Kern County could soon begin allowing dining in restaurants and retail shopping after Gov. Gavin Newsom relaxed reopening criteria Monday.
Under state guidelines, counties can move more quickly through the second stage of the governor’s four-part reopening plan if they meet certain qualifications. Kern County officials had said the state’s qualifications — which required a county to report no novel coronavirus deaths in a two week period — were too harsh.
In a letter sent Friday to the governor, the county asked Newsom to reconsider the criteria counties must meet before loosening business restrictions. The letter was endorsed by 10 hospitals and other health officials.
The letter, along with efforts by other counties, apparently caught the attention of the governor's office.
The new criteria requires counties to keep a stable hospitalization rate over a seven-day period, as well as report less than 25 cases per 100,00 residents over two weeks or report less than 8 percent of COVID-19 tests return positive results.

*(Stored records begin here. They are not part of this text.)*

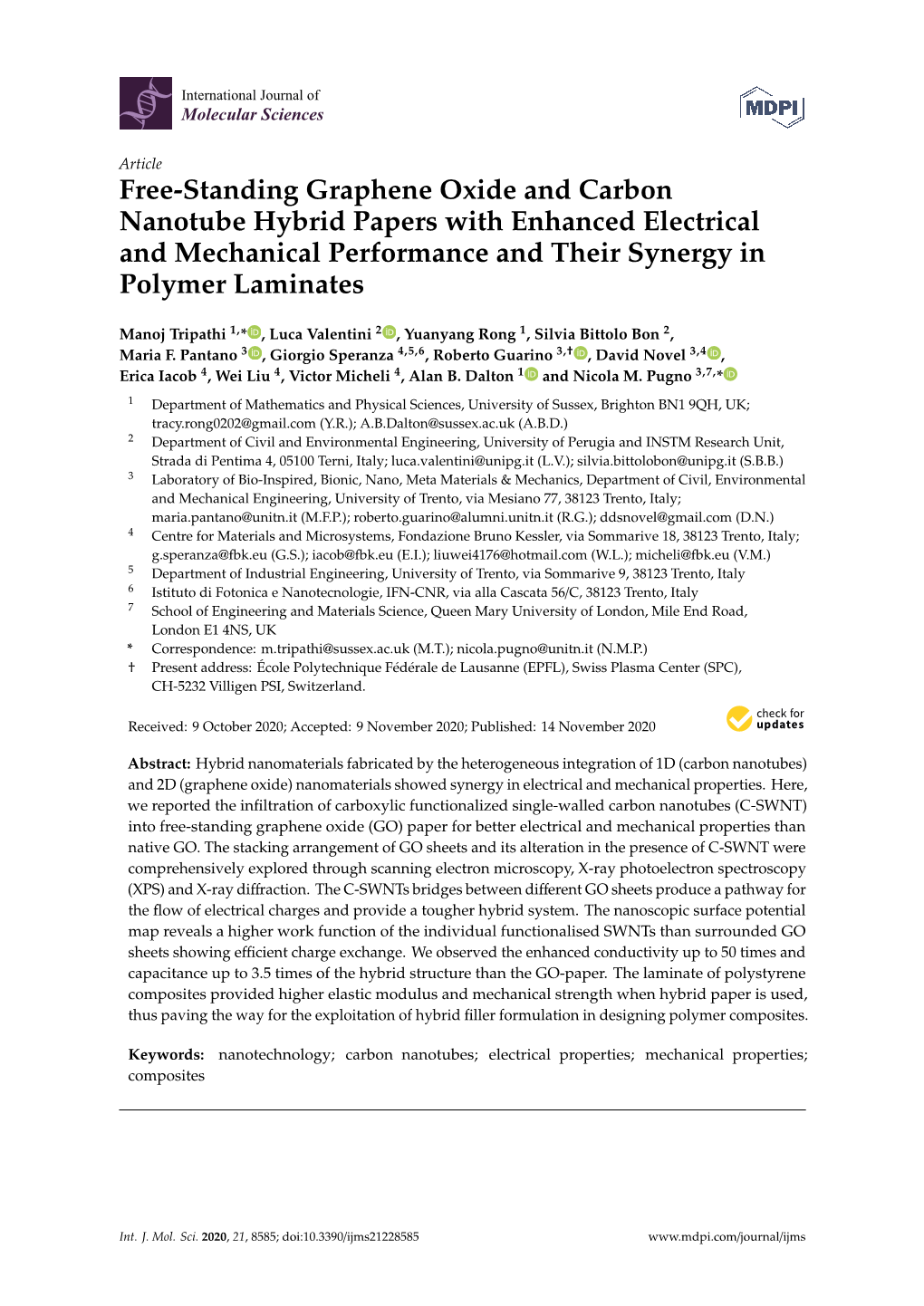 Free-Standing Graphene Oxide and Carbon Nanotube Hybrid Papers with Enhanced Electrical and Mechanical Performance and Their Synergy in Polymer Laminates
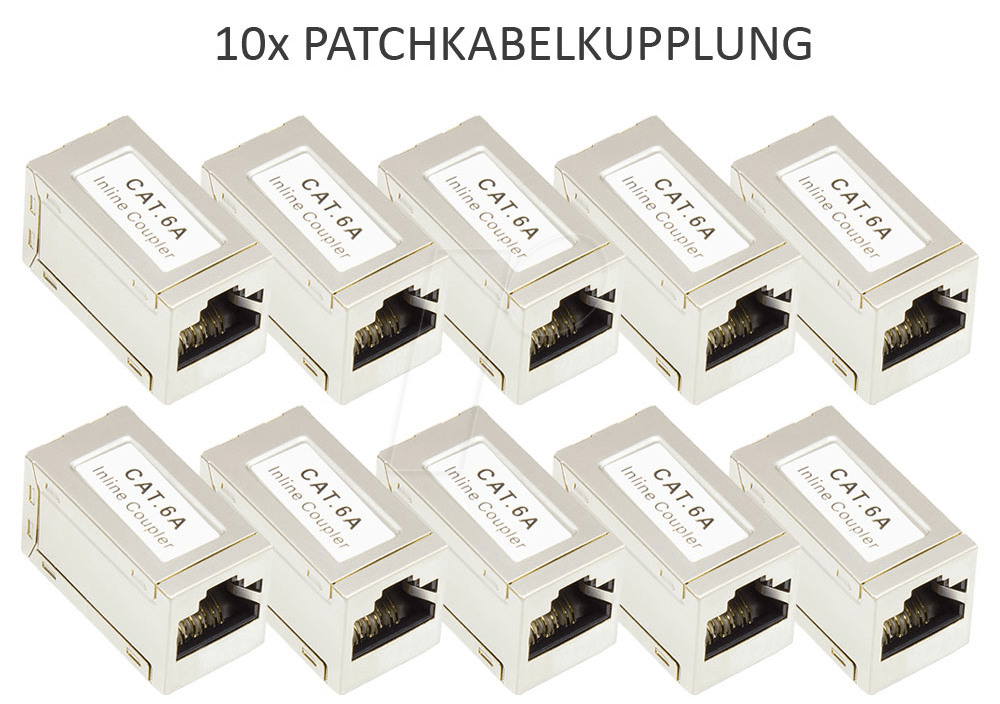 4014619111237 - GC MOD8-VM6A-10 - Patchkabelkupplung Cat 6A RJ45 vollgeschirmt 10er Set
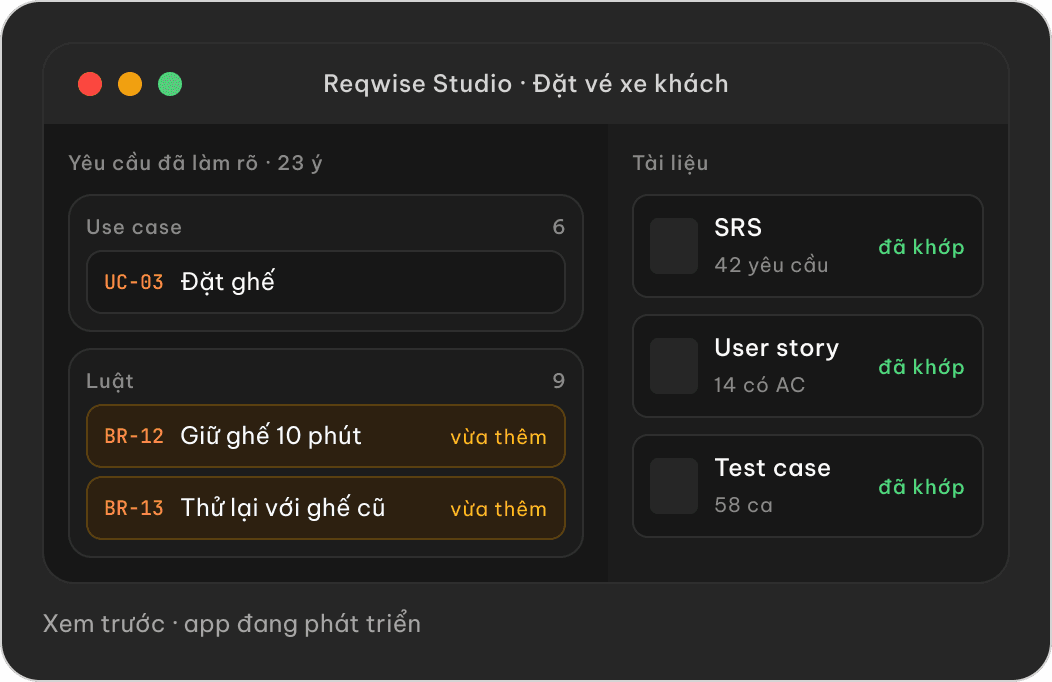 App Reqwise Studio: yêu cầu đã làm rõ (use case, luật) và các tài liệu đã khớp (SRS, user story, test case)
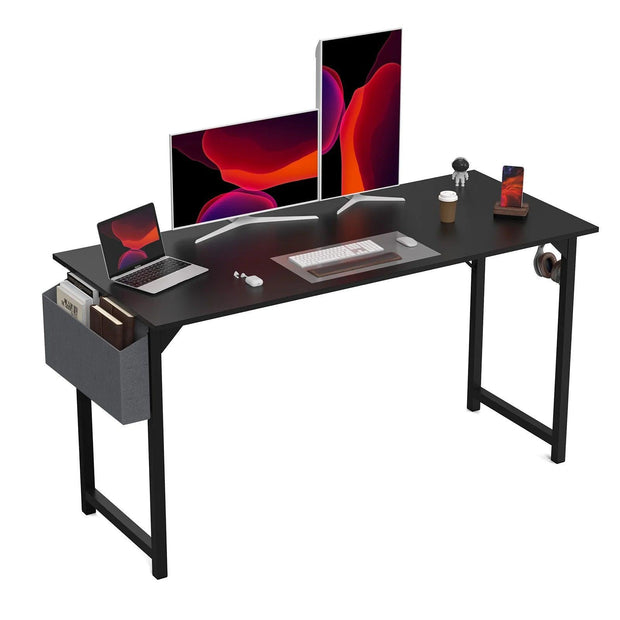 JHK Computer Desk Writing Study Office Gaming Table Modern Simple Style Compact with Side Bag Headphone Hook Easy Assembly - JNR Products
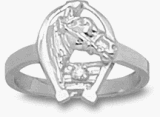 Horseshoe with Horse Head and One .01 Cubic Zirconia Ladies' Ring Size 6 - Sterling Silver Jewelry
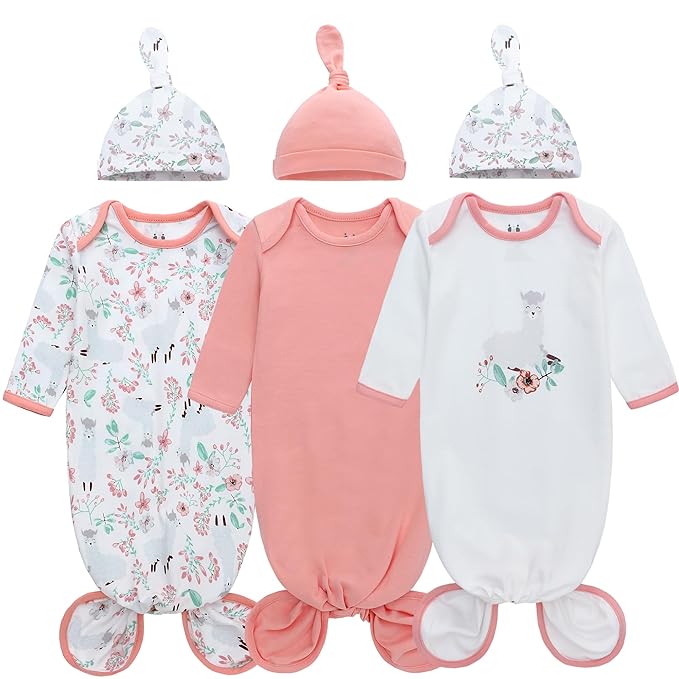 Miracle Baby Newborn Knotted Gown with Hat Set, 3 Pack Newborn Nightgowns, Baby Sleeper Gowns with Mitten Cuffs for Boys Girls 6-12 Months
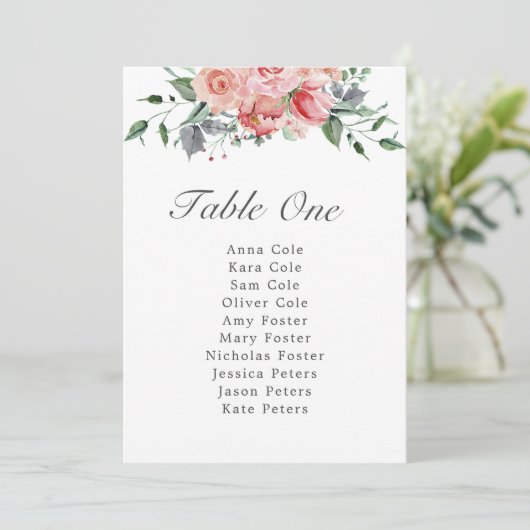Elizabeth Simple Pink Wedding Table Seating Chart (Staand voorkant)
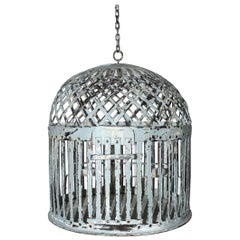 Antique Iron Bird Cage with Lattice-Work Dome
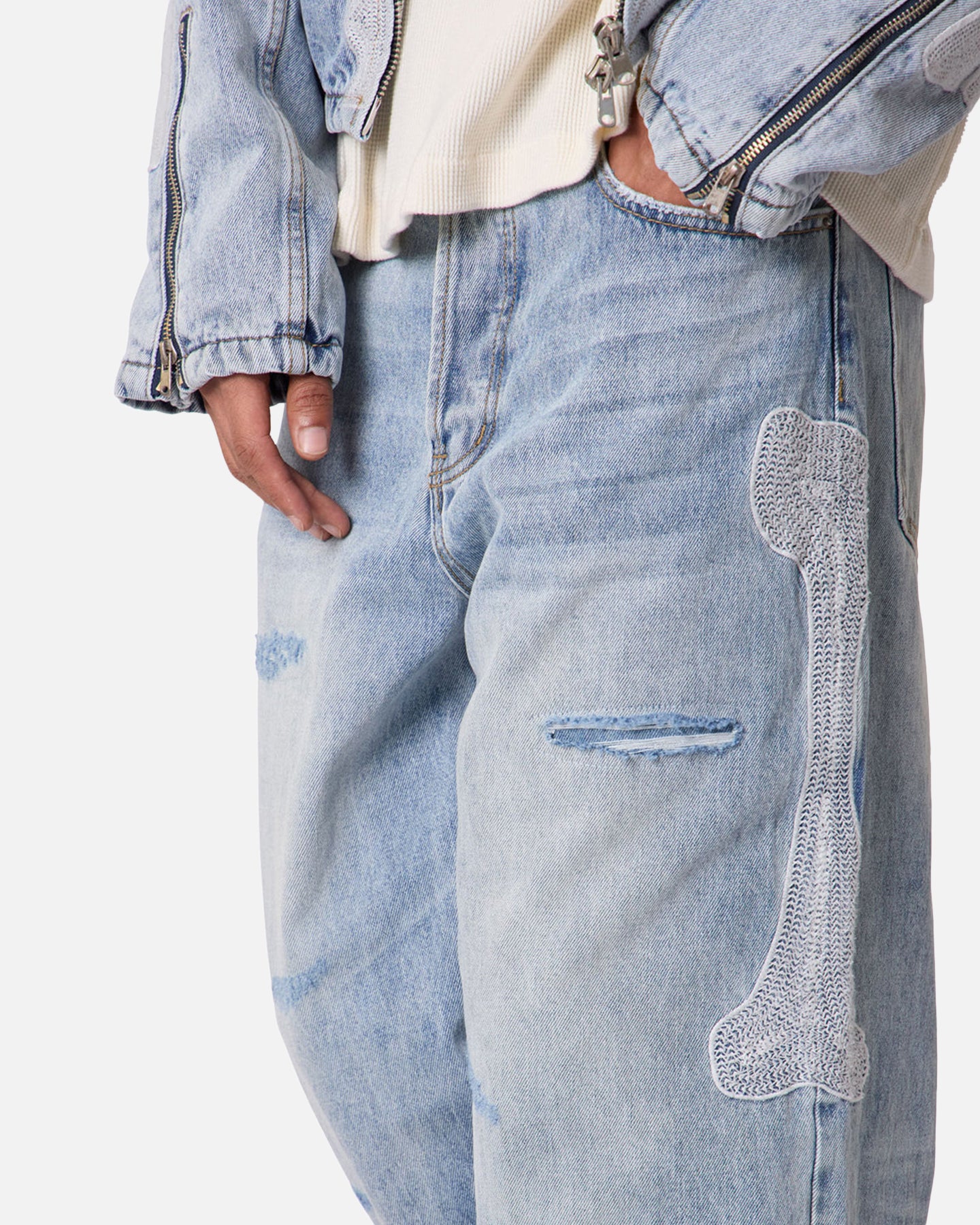 mnml骨プリント MNML Skeleton Baggy Denim Jeans Washed Blue | Culture Kings US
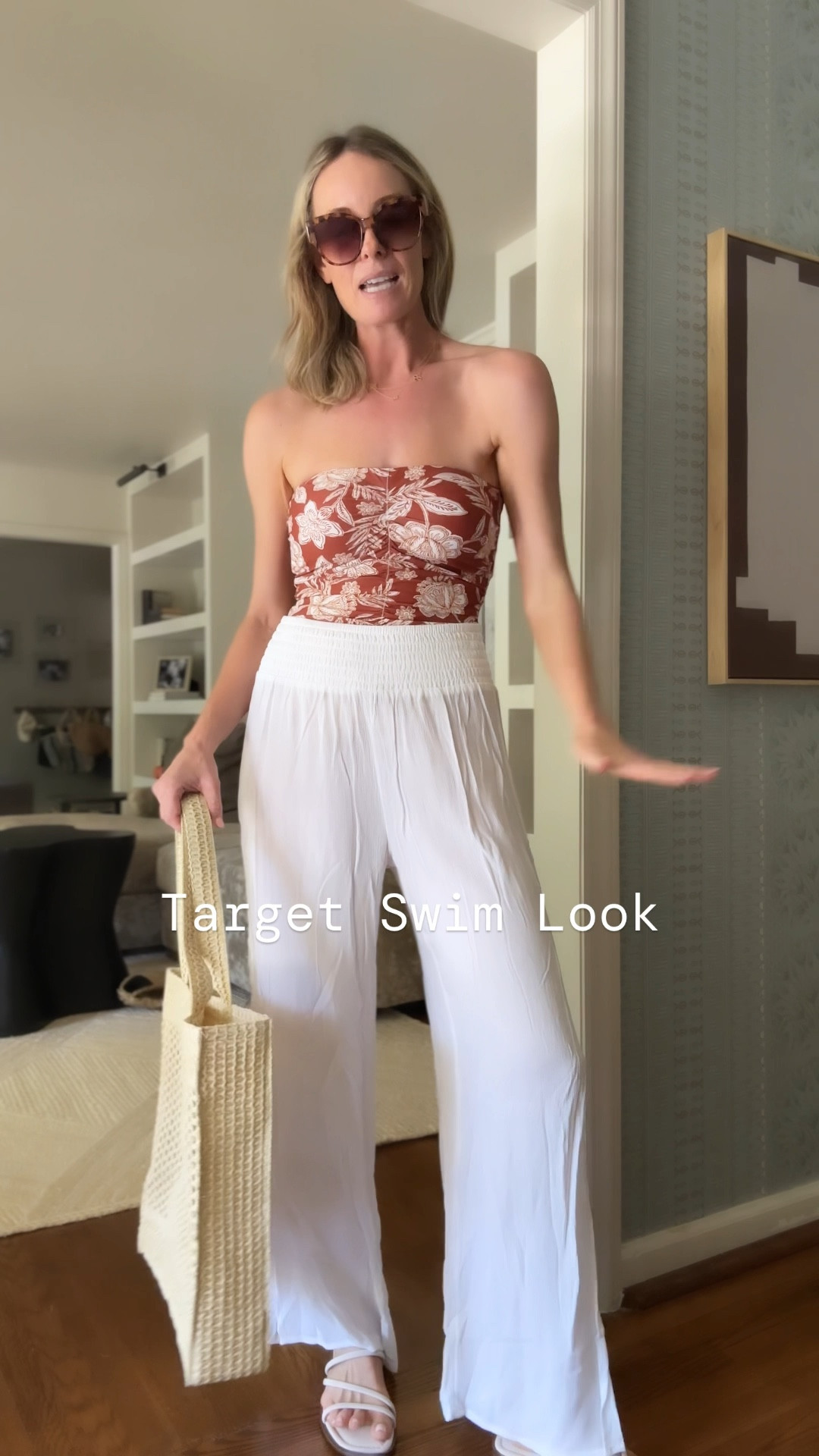 #ad whoa this is a good suit! I own in a couple colors already but this print is perfect. Neutral but makes a statement. Paired with the lightweight beach pants which is a must have. Size M suit size S pants. @target #target @targetstyle #targetstyle #targetpartner 

#LTKVideo #LTKSwim #LTKFindsUnder50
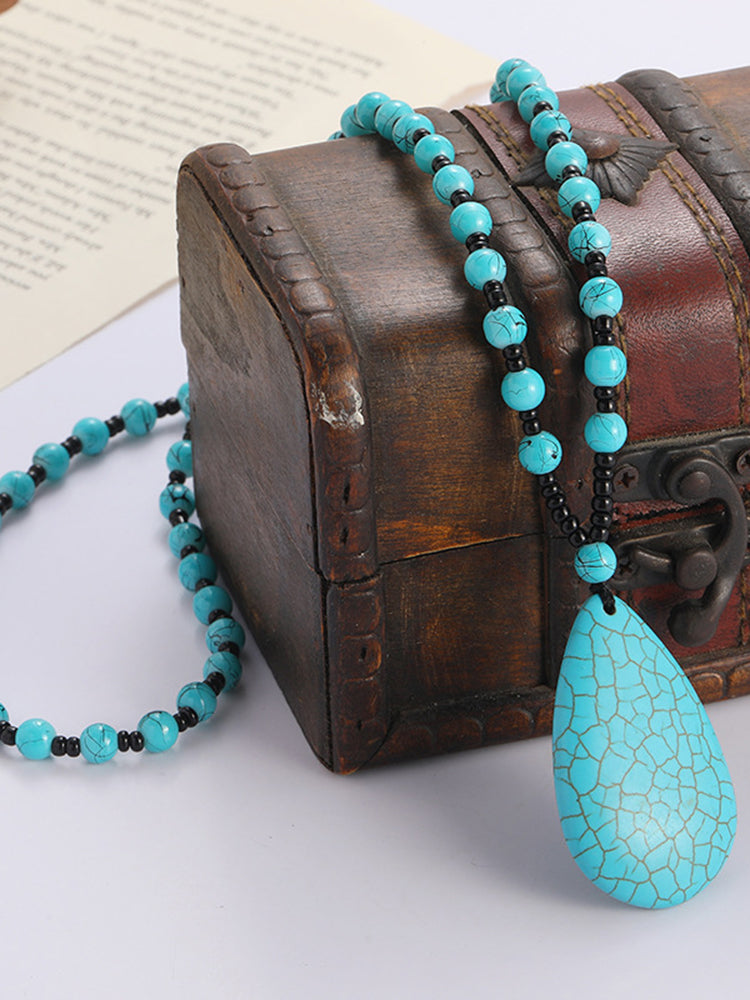 Wisherryy Vintage Waterdrop Turquoise Necklace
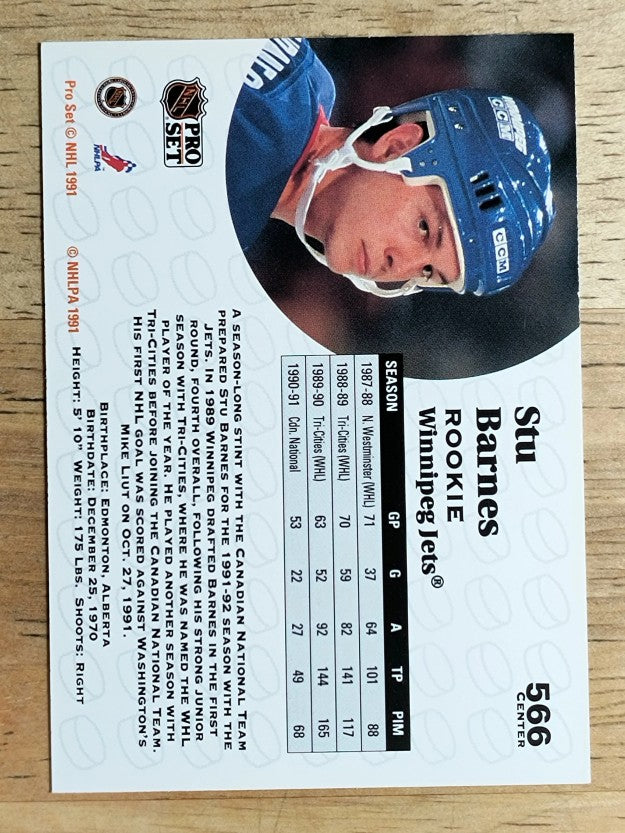 1991-92 Pro Set #566 Stu Barnes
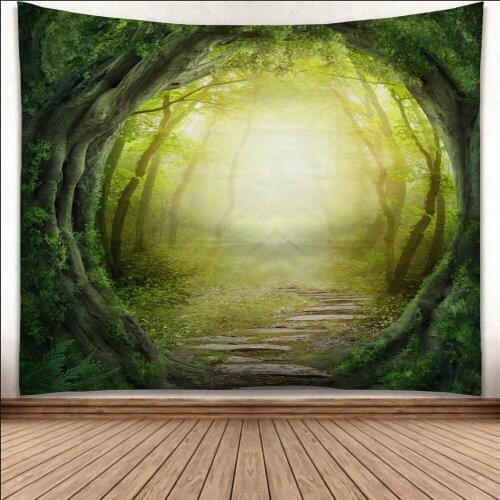 Psychedelic Forest Tapestry Wall Hanging Green Landscape Wall Tapestry Farmhouse Decor Headboard Tapestry Polyester Summer Beach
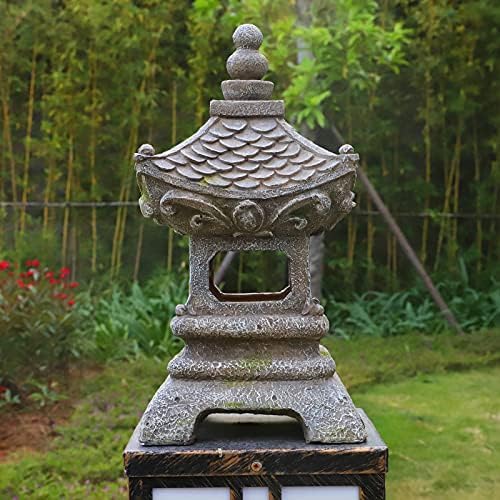 Asian Solar Zen Pagoda Garden Statue 14 Inch, Outdoor Japanese Lamp Lantern for Home Garden Landscape Décor (14 inch Pagoda)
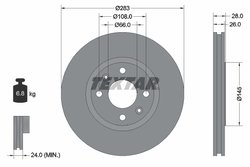 DISC FRANA TEXTAR 92078703 - Compatibil cu CITROEN, PEUGEOT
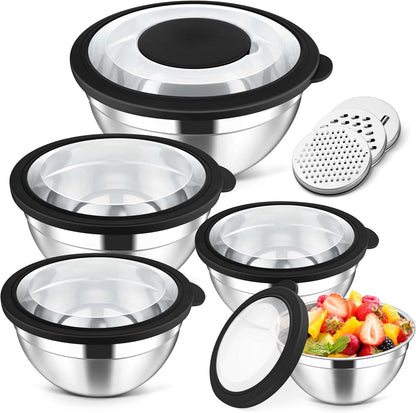 Herogo 5-Piece Mixing Bowls with Airtight Lids, 3 Grater Attachments, Stainless Steel Salad Serving Bowls for Kitchen, Size 4.6, 3.5, 2.5, 2, 1.5QT Ideal for Prepping & Cooking, Black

Shortly after the governor’s announcement, Kern County wrote on Twitter the county was positioned to meet the new criteria. The county tweeted the Board of Supervisors could vote as soon as Tuesday to approve an attestation county officials must complete in order to move forward.
The state must then approve the county’s attestation.
“It is important to note, the County still must be approved before we’re allowed to move through the phases faster,” the county wrote. “We’re optimistic that we’ll be approved, but we need the community’s help to ensure we’re following the guidelines as they’re set now so that our (numbers) continue to hold.”
If the county is successful in attaining state approval, it will be granted a regional variance, allowing dine-in at restaurants and shopping in stores. A total of 24 counties in northern California have already received variances. The governor estimated 53 of the 58 counties in the state would be able to relax restrictions under the new criteria.
The governor also mentioned that if the rate of transmission held within the state, professional sports could return in June without spectators and retail restrictions could be loosened statewide.
“The only thing that will set us back is if we move too quickly,” he added.
Local elected officials praised the governor's decision.
"Over the last several weeks, I have worked with local leaders and submitted numerous requests to the governor to make critical modifications to the stay-at-home Order. The governor's original 'one-size-fits-all' plan unfairly places Kern, Tulare, and San Bernardino counties on the same spectrum as San Francisco and Los Angeles counties," State Sen. Shannon, R-Bakersfield, said in a statement. "I want to thank the governor for making such an important modification as it is necessary to revive our local economies, support businesses, and employ Californians."
State Sen. Melissa Hurtado, D-Sanger, encouraged Newsom to approve the local variance.
"As a representative for the southern Central Valley, I’ve experienced firsthand the struggles that rural communities are currently facing due to the pandemic. Local leaders in the communities are grappling with an increase number of unemployment, closure of businesses and limited access to health care services," she said in a statement. "To address these concerns of my constituents, I am choosing to stand behind communities of Senate District -14 who are seeking additional resources to mitigate added on challenges. Working with the four counties in my district, I’m calling on our communities to stand united during this crisis to help find solutions together in creating policies that are in line with the diversity of California."